Only one such image exists because the glass plate—the medium that predated film—cracked when Gardner applied the emulsion to it that would create the image. He pulled one portrait and then threw the plate away.
Perhaps because of its singularity and the circumstances of its creation, this image of Lincoln has a special power. Taken at the end of the Civil War, it shows that he is confident of winning the war and looking forward to the “binding up of the Nation’s wounds.” Lincoln is exhausted and the lines on his face are etched deep, but there is nonetheless a small, enigmatic smile on the president’s face.

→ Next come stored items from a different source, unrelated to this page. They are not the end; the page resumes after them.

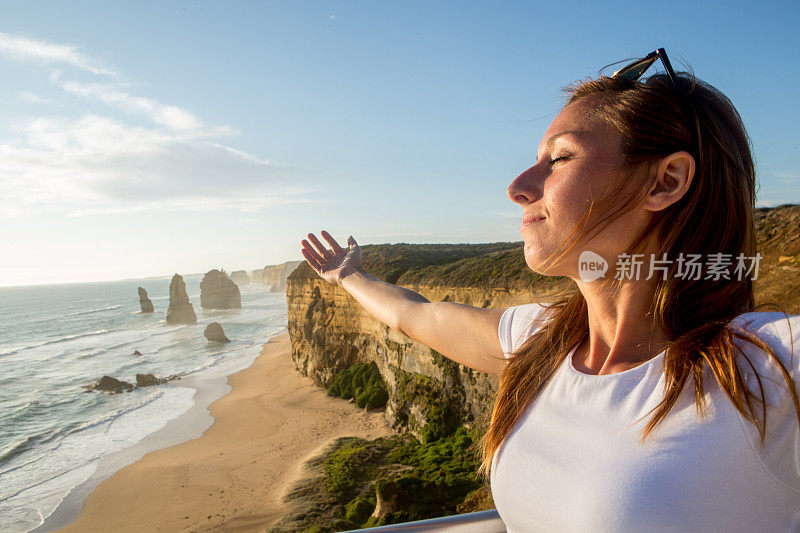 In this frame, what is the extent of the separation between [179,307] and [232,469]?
57.3 m

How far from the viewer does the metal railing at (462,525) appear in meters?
1.61

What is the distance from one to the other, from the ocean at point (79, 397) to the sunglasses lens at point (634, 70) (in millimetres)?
16953

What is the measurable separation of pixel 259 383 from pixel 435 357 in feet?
48.6

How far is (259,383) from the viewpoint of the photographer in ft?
85.8

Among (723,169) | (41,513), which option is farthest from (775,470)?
(41,513)

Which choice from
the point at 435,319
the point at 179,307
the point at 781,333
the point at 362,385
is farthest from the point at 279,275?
the point at 781,333

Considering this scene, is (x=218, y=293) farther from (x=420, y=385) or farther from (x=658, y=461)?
(x=658, y=461)

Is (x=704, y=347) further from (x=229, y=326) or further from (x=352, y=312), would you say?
(x=229, y=326)

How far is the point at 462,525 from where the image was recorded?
1.67m

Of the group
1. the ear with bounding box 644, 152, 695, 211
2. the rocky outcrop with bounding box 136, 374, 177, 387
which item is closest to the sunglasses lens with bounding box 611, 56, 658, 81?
the ear with bounding box 644, 152, 695, 211

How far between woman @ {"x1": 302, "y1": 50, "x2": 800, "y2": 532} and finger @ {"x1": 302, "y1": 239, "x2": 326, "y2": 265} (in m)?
1.46

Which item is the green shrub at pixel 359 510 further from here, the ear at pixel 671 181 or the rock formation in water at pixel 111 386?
the rock formation in water at pixel 111 386

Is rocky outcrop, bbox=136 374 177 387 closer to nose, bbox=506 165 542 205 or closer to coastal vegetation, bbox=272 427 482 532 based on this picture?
coastal vegetation, bbox=272 427 482 532

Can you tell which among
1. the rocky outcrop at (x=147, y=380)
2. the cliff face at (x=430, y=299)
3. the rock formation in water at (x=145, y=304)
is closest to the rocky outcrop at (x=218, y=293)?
the rock formation in water at (x=145, y=304) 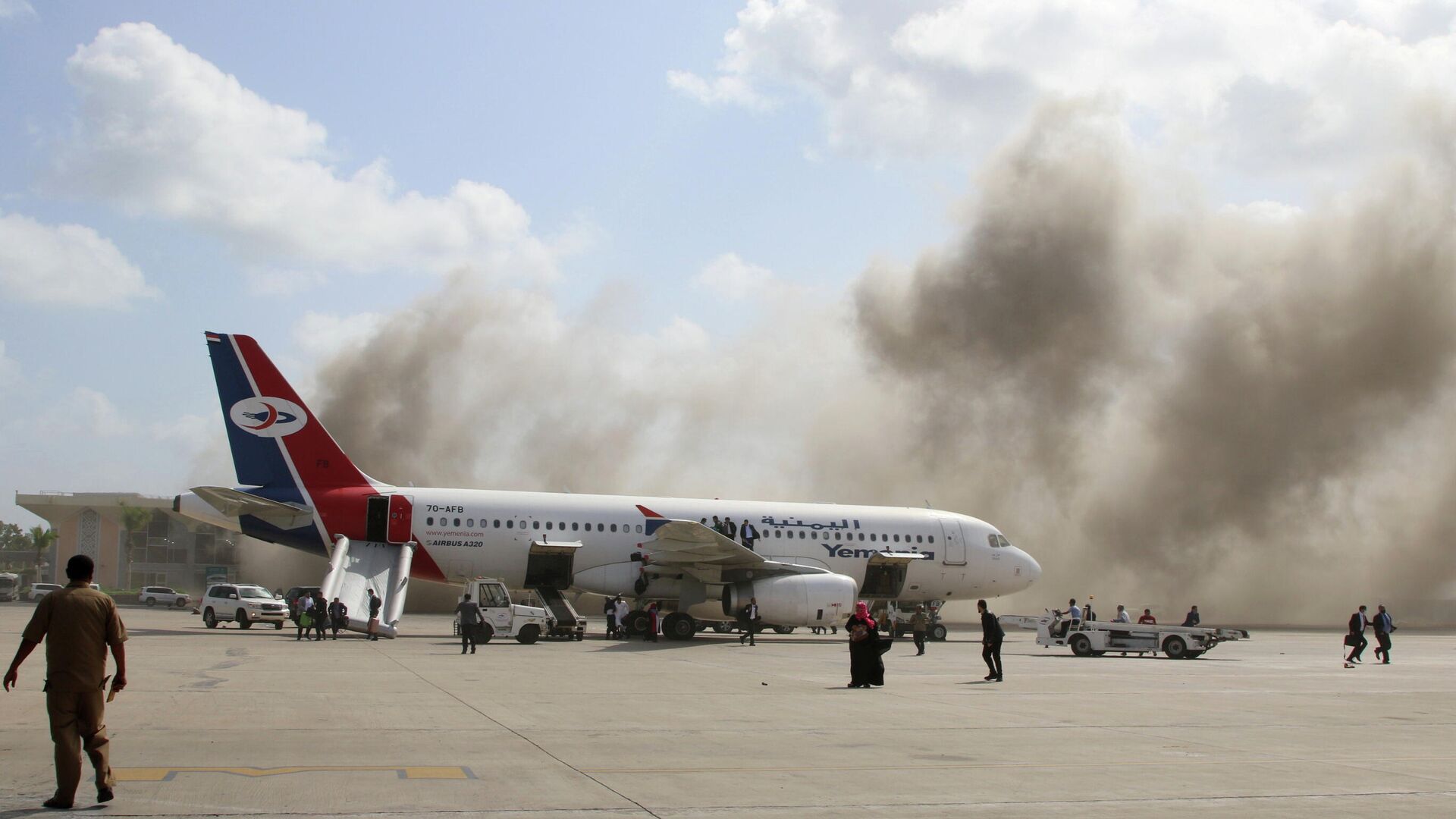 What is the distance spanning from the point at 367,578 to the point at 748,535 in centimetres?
952

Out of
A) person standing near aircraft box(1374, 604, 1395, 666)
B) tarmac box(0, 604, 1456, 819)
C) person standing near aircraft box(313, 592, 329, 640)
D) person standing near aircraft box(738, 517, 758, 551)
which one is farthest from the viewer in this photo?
person standing near aircraft box(738, 517, 758, 551)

But this is also Lincoln between life and death. Looking back at the photograph from 150 years, we are fully conscious of what he could not know: he would be killed at war’s end in April. While he was looking forward to his future, we know that that future will collide with the reality of what will happen at Ford’s Theatre on April 14. The cracked plate image, capturing Lincoln at this moment, is part of the process by which Lincoln was transformed, after the assassination, from historical figure to mythological presence in America. When Lincoln died Secretary of State William Seward remarked, “Now he belongs to the ages.” That transformation began before Lincoln’s death with the creation of Alexander Gardner’s “cracked-plate” portrait.
The original photograph will be on view Feb. 12 through Feb. 16 in honor of Presidents Day weekend. The unique print will next be displayed as part of the exhibition “Dark Fields of the Republic: Photographs by Alexander Gardner,” open Sept. 18, 2015, through Mar. 13, 2016.